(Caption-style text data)
--- START ---
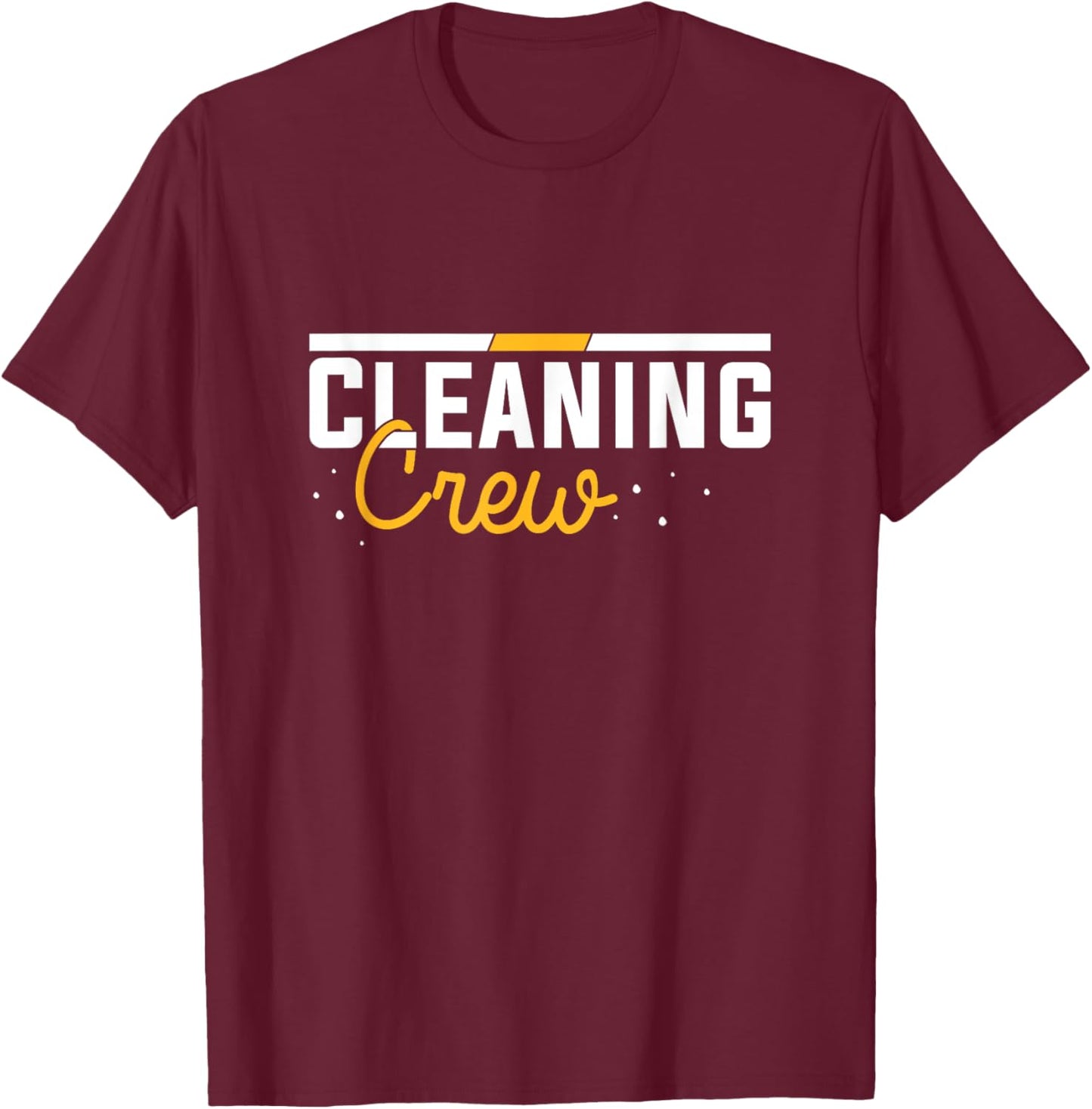 Cleaning Crew, Janitor T-Shirt - T-Shirt | Maroon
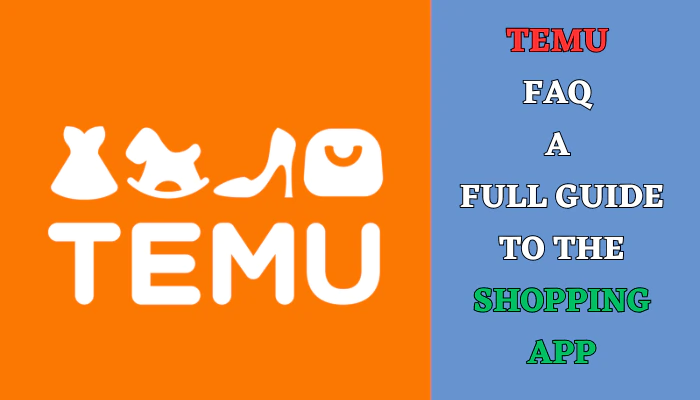 Temu FAQ A Full Guide to the Shopping App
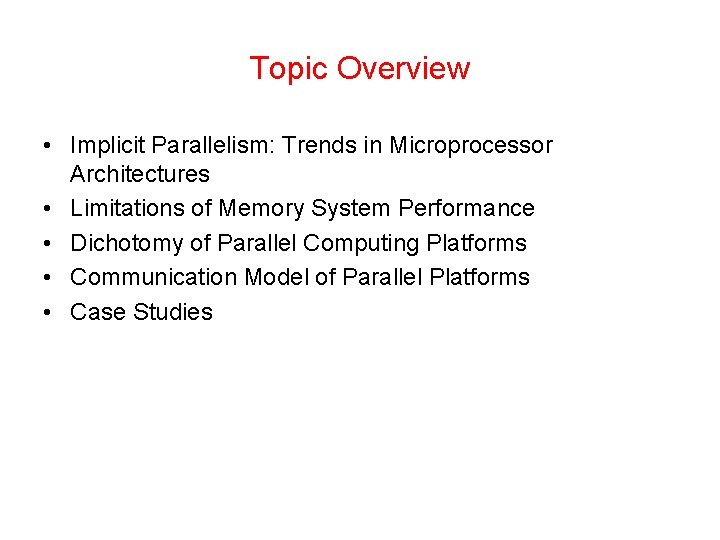 Topic Overview • Implicit Parallelism: Trends in Microprocessor Architectures • Limitations of Memory System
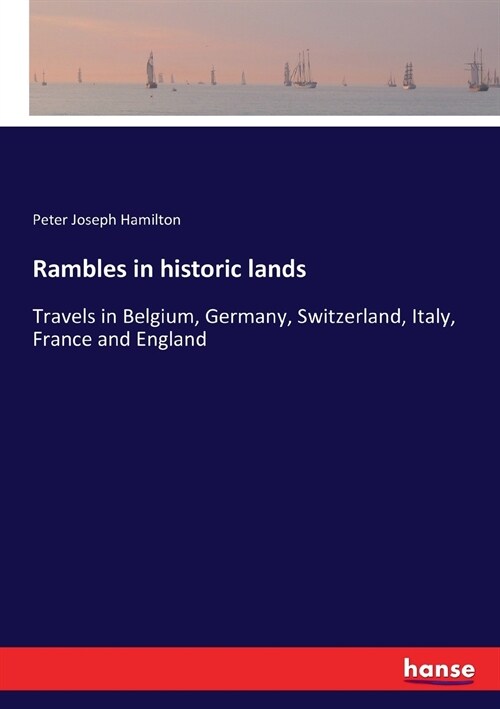 Rambles in historic lands: Travels in Belgium, Germany, Switzerland, Italy, France and England (Paperback)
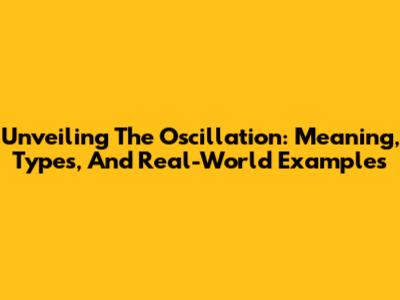 Unveiling The Oscillation: Meaning, Types, And Real-World Examples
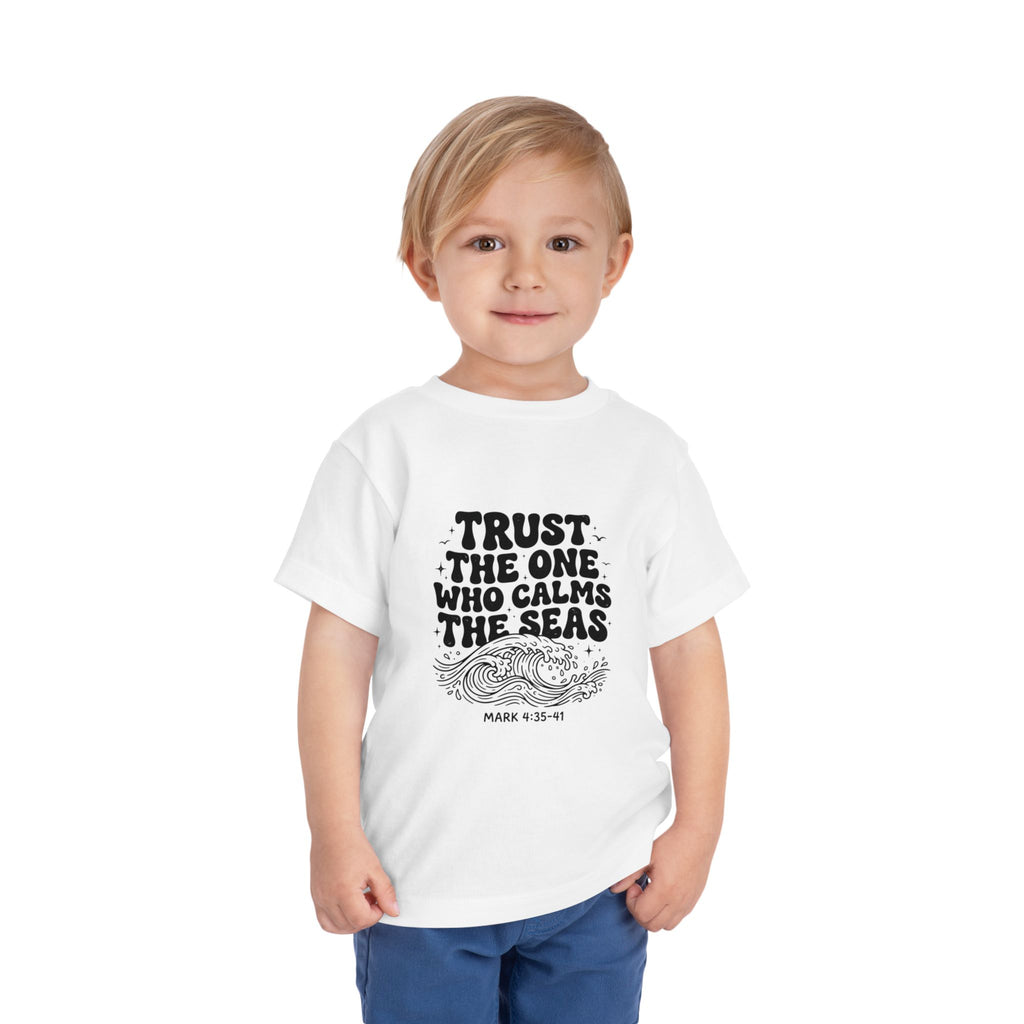 Toddler Tee - "Trust the One Who Calms the Seas" Biblical Kids Shirt (Mark 4:39)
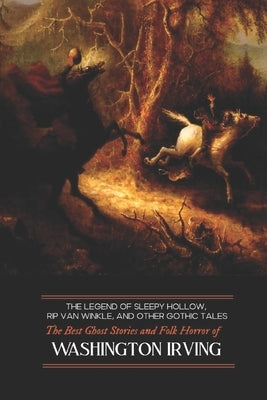 The Legend of Sleepy Hollow, Rip Van Winkle, and Other Gothic Tales: The Best Ghost Stories and Folk Horror of Washington Irving by Irving, Washington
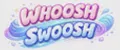 Whoosh Swoosh I Вуш Свуш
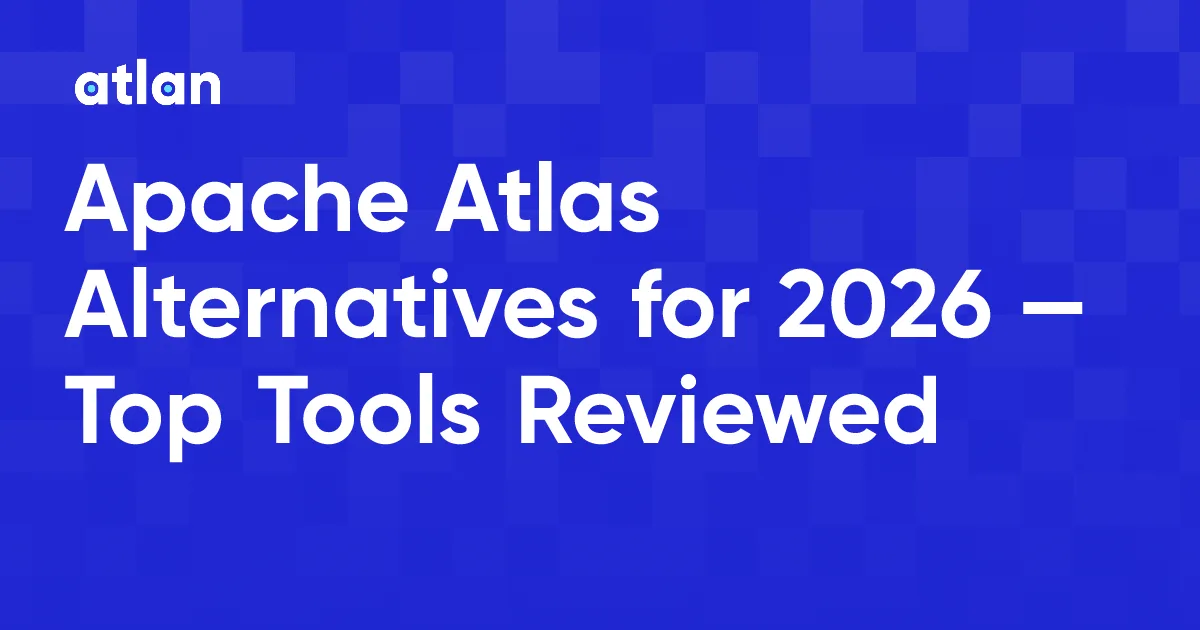 Top Apache Atlas Alternatives: DataHub, Metacat & Atlan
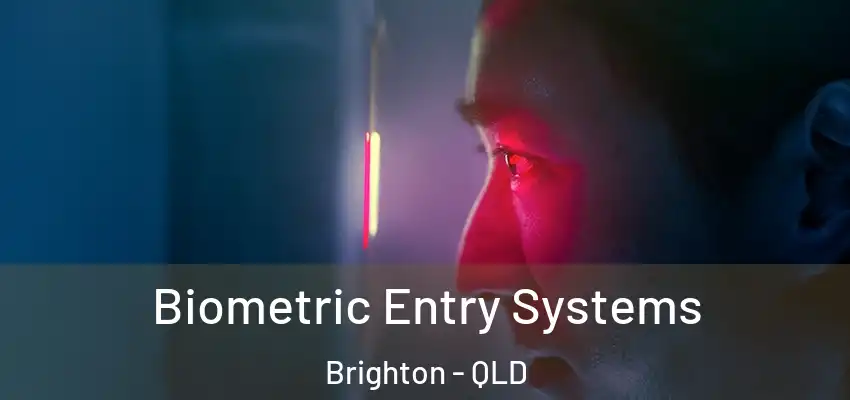 Biometric Entry Systems Brighton - QLD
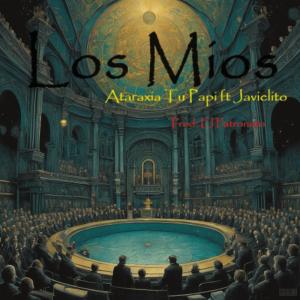 收聽Ataraxia Tu Papi的Los Mios (feat. Javielito)歌詞歌曲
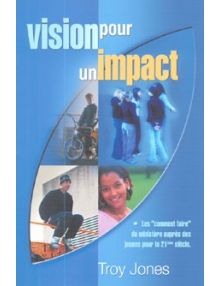 Vision pour un impact
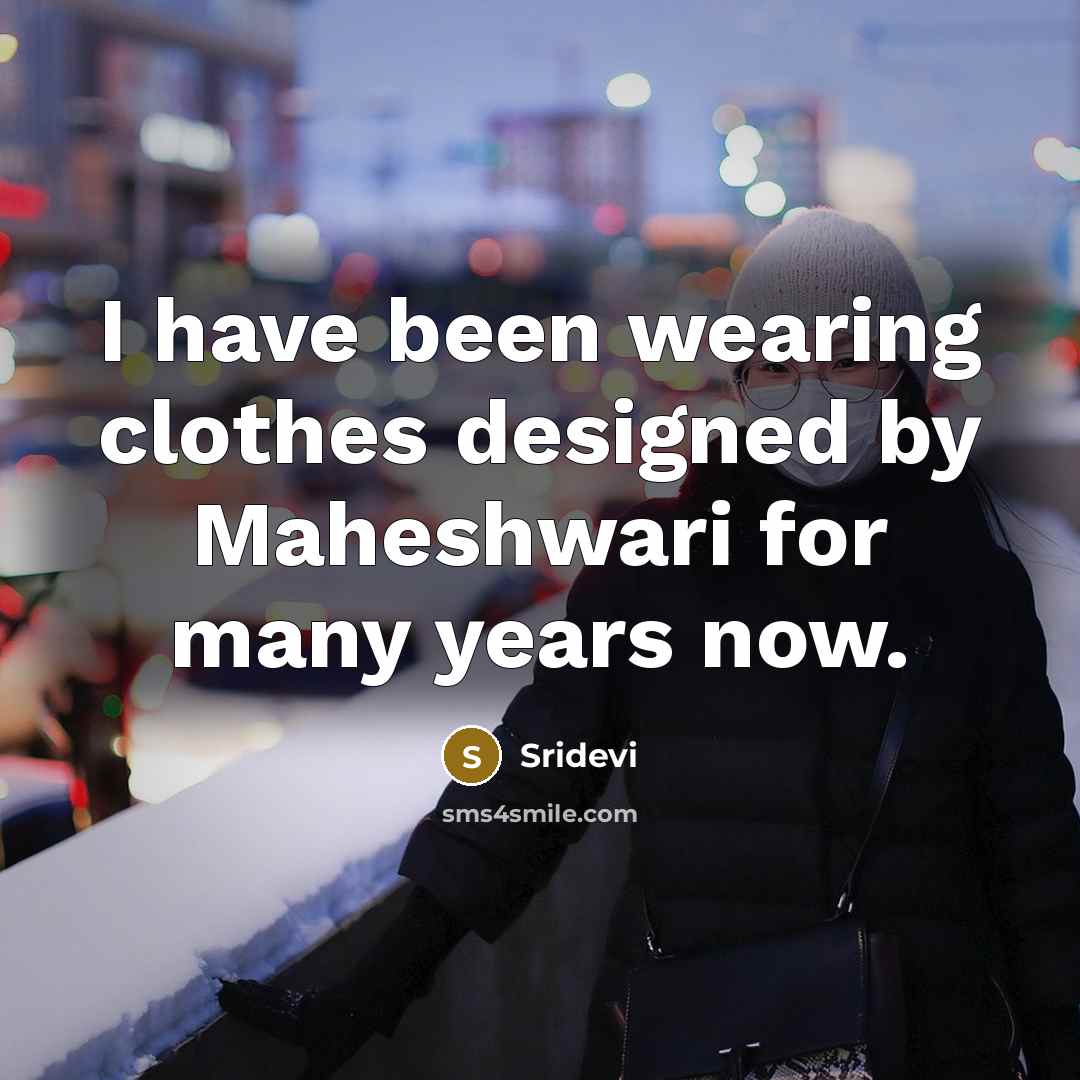 “I have been wearing clothes designed by Maheshwari for many years now.” quote by Sridevi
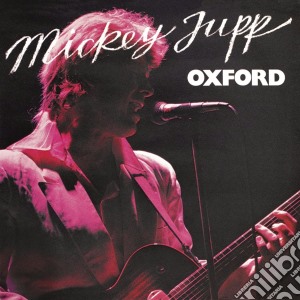 Mickey Jupp - Oxford cd musicale di Mickey Jupp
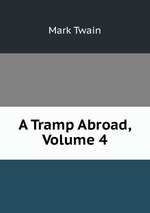 A Tramp Abroad, Volume 4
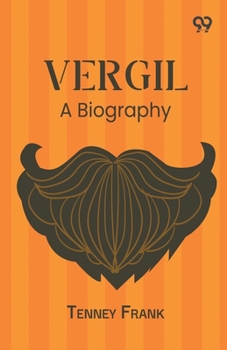 Vergil: A Biography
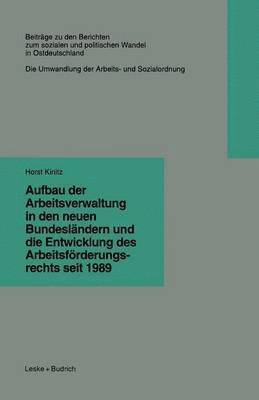 Aufbau der Arbeitsverwaltung in den neuen Bundeslndern und die Entwicklung des Arbeitsfrderungsrechts seit 1989 1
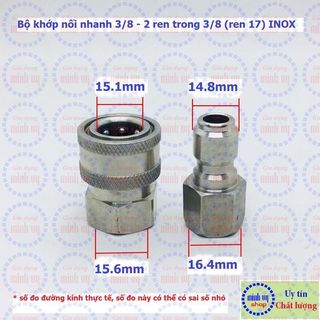 Bộ khớp nối nhanh INOX 3/8" - ren 17mm đầu ra cho máy rửa xe áp lực cao, máy xịt rửa cao áp, máy rửa xe gia đình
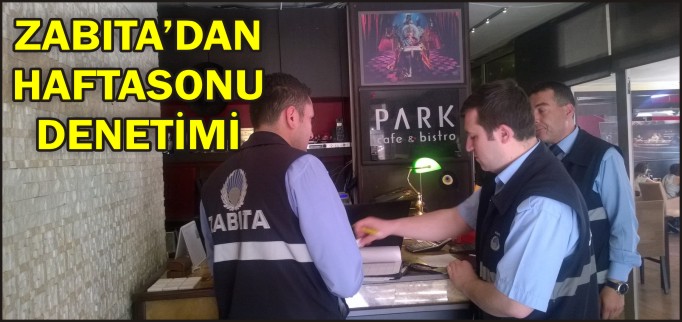 ZABITADAN HAFTASONU DENETİMİ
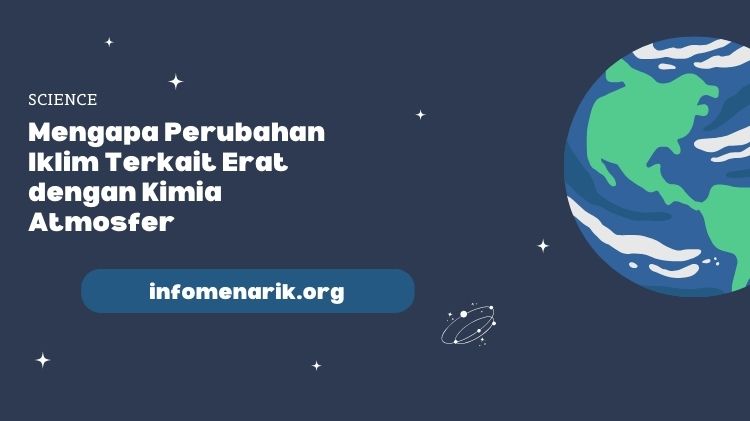 Mengapa Perubahan Iklim Terkait Erat dengan Kimia Atmosfer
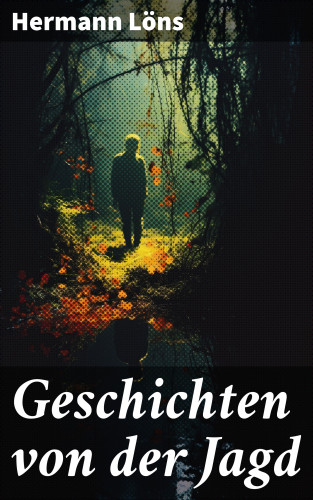 Hermann Löns: Geschichten von der Jagd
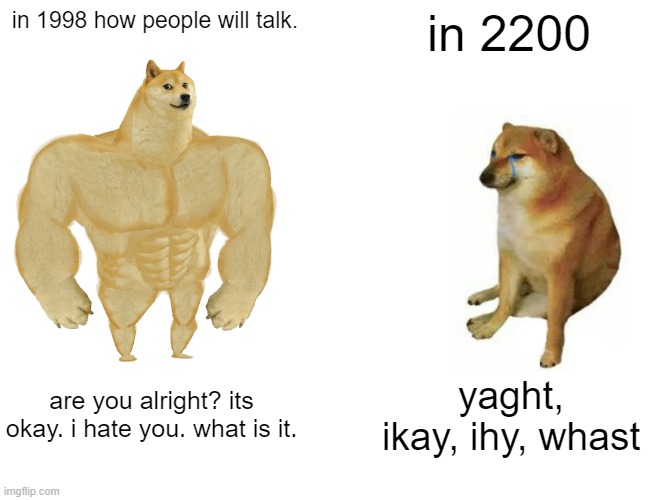 How people will talk: Back then and Way i n the Future | in 1998 how people will talk. in 2200; are you alright? its okay. i hate you. what is it. yaght, ikay, ihy, whast | image tagged in memes,buff doge vs cheems | made w/ Imgflip meme maker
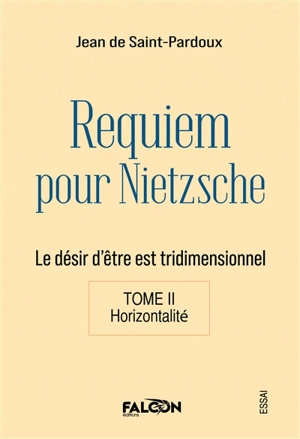 Requiem pour Nietzsche Le désir d'être est tridimensionnel Tome II Horizontalité - Jean de Saint-Pardoux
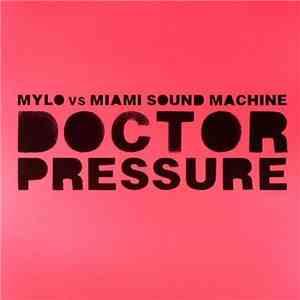 Mylo Vs Miami Sound Machine - Doctor Pressure download flac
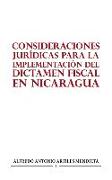 Consideraciones Jurídicas Para La Implementación del Dictamen Fiscal En Nicaragua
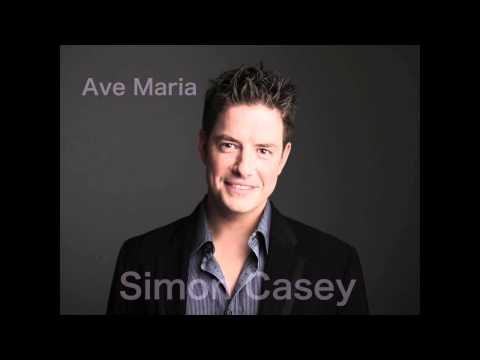 Simon Casey - Ave Maria (Schubert)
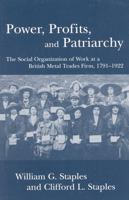 Power, Profits, and Patriarchy: The Social Organization of Work at a British Metal Trades Firm, 1791-1922 0742516407 Book Cover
--- END ---
## PROBLEM
Word for word, print every record, and leave out any picture.

## ANSWER FOR THE TASK
 Cleaning Crew, Janitor T-Shirt - T-Shirt | Maroon
 Temu FAQ A Full Guide to the Shopping App
 Topic Overview • Implicit Parallelism: Trends in Microprocessor Architectures • Limitations of Memory System
 Rambles in historic lands: Travels in Belgium, Germany, Switzerland, Italy, France and England (Paperback)
 Unveiling The Oscillation: Meaning, Types, And Real-World Examples
 Toddler Tee - "Trust the One Who Calms the Seas" Biblical Kids Shirt (Mark 4:39)
 The Legend of Sleepy Hollow, Rip Van Winkle, and Other Gothic Tales: The Best Ghost Stories and Folk Horror of Washington Irving by Irving, Washington
 Whoosh Swoosh I Вуш Свуш
 Top Apache Atlas Alternatives: DataHub, Metacat & Atlan
 Biometric Entry Systems Brighton - QLD
 收聽Ataraxia Tu Papi的Los Mios (feat. Javielito)歌詞歌曲
 Vision pour un impact
 “I have been wearing clothes designed by Maheshwari for many years now.” quote by Sridevi
 Mickey Jupp - Oxford cd musicale di Mickey Jupp
 A Tramp Abroad, Volume 4
 Vergil: A Biography
 Aufbau der Arbeitsverwaltung in den neuen Bundeslndern und die Entwicklung des Arbeitsfrderungsrechts seit 1989 1
 Bộ khớp nối nhanh INOX 3/8" - ren 17mm đầu ra cho máy rửa xe áp lực cao, máy xịt rửa cao áp, máy rửa xe gia đình
 ZABITADAN HAFTASONU DENETİMİ
 Mengapa Perubahan Iklim Terkait Erat dengan Kimia Atmosfer
 Hermann Löns: Geschichten von der Jagd
 How people will talk: Back then and Way i n the Future | in 1998 how people will talk. in 2200; are you alright? its okay. i hate you. what is it. yaght, ikay, ihy, whast | image tagged in memes,buff doge vs cheems | made w/ Imgflip meme maker
 Requiem pour Nietzsche Le désir d'être est tridimensionnel Tome II Horizontalité - Jean de Saint-Pardoux
 Mylo Vs Miami Sound Machine - Doctor Pressure download flac
 Consideraciones Jurídicas Para La Implementación del Dictamen Fiscal En Nicaragua
 Simon Casey - Ave Maria (Schubert)
 Power, Profits, and Patriarchy: The Social Organization of Work at a British Metal Trades Firm, 1791-1922 0742516407 Book Cover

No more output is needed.